*** Opening of Data extract ***

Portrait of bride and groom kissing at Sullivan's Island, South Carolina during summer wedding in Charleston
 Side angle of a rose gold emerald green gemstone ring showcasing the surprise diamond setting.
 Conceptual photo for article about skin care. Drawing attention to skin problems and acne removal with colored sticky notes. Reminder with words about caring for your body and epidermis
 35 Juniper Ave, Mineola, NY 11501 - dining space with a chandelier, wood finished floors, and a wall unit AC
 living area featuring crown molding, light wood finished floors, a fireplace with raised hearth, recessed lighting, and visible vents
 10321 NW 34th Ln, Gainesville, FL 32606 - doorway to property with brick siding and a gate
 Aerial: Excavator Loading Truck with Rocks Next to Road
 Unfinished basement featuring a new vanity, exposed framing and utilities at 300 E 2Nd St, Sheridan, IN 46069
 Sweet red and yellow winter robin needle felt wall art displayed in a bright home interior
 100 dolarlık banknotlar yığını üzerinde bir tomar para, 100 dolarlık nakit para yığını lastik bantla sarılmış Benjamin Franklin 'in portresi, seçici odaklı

*** Close of Data extract ***

What this task involves:
The result consists of the line with "living area featuring" through the last line of the entries above, repeated exactly and with nothing else.

Solution to the problem:
 living area featuring crown molding, light wood finished floors, a fireplace with raised hearth, recessed lighting, and visible vents
 10321 NW 34th Ln, Gainesville, FL 32606 - doorway to property with brick siding and a gate
 Aerial: Excavator Loading Truck with Rocks Next to Road
 Unfinished basement featuring a new vanity, exposed framing and utilities at 300 E 2Nd St, Sheridan, IN 46069
 Sweet red and yellow winter robin needle felt wall art displayed in a bright home interior
 100 dolarlık banknotlar yığını üzerinde bir tomar para, 100 dolarlık nakit para yığını lastik bantla sarılmış Benjamin Franklin 'in portresi, seçici odaklı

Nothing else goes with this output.